2Les niveaux gravettiens furent explorés en 1958 (niveau 2 et 3), 1959 (fin du niveau 3, niveaux 4 et 5), 1960 (fin du niveau 4, niveau 5) et 1961 (niveau 5). En 1963, deux extensions furent réalisées, l’une dans le niveau 2 (20m²) et l’autre dans le niveau 4 (7m2). Différentes méthodes de fouilles furent employées en 1958, en 1959, puis durant les années suivantes. A cette remarque s’ajoute le fait que les superficies fouillées, l’épaisseur des dépôts et la densité du matériel archéologique sont très variables d’un niveau gravettien à l’autre.
3En 1958, dès les premières semaines de fouilles, une fois le sol de l’ancienne grange Pataud nettoyé, la principale difficulté rencontrée par l’équipe de fouille fut le dégagement des imposants blocs issus de l’ultime effondrement de l’abri.

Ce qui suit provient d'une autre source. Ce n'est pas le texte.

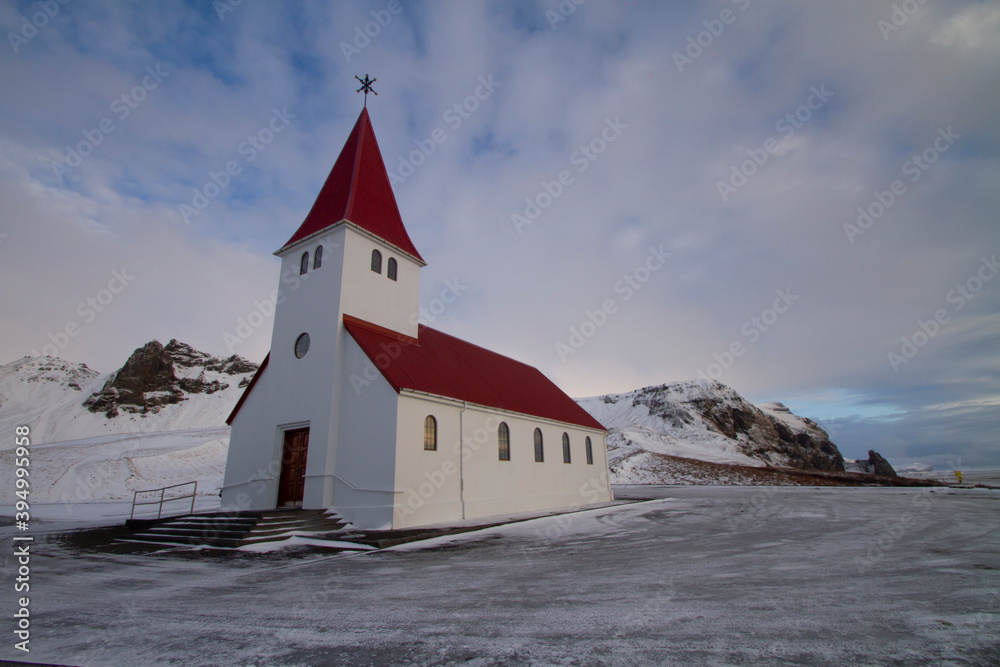 church in the snow in vik, Iceland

Une autre difficulté, comme cela a été clairement exprimé par Hallam L. Movius, fut de relever une stratigraphie claire, détaillée et fiable du premier niveau archéologique important rencontré, le niveau 2, d’où proviennent la quasi-totalité des restes humains découverts à l’abri Pataud (Movius 1977).
4Pour tenter de remédier aux problèmes de lecture stratigraphique rencontrés dans le niveau 2, Hallam L. Movius décida de fouiller le niveau 3, sous-jacent, en laissant des banquettes témoins entre chaque carré. Il abandonna ensuite cette technique : en contrepartie de la relative sécurité qu’elle apportait au point de vue stratigraphique, elle rendait impossible le décapage simultané toute la surface de fouille (ibid.). Pour le niveau 4, puis pour le niveau 5 (ainsi que pour les niveaux aurignaciens, jusqu’au substratum rocheux) une banquette centrale de 4 mètre de large fut dégagée par « surface » associée à deux tranchées latérales de contrôle stratigraphique de un mètre de large.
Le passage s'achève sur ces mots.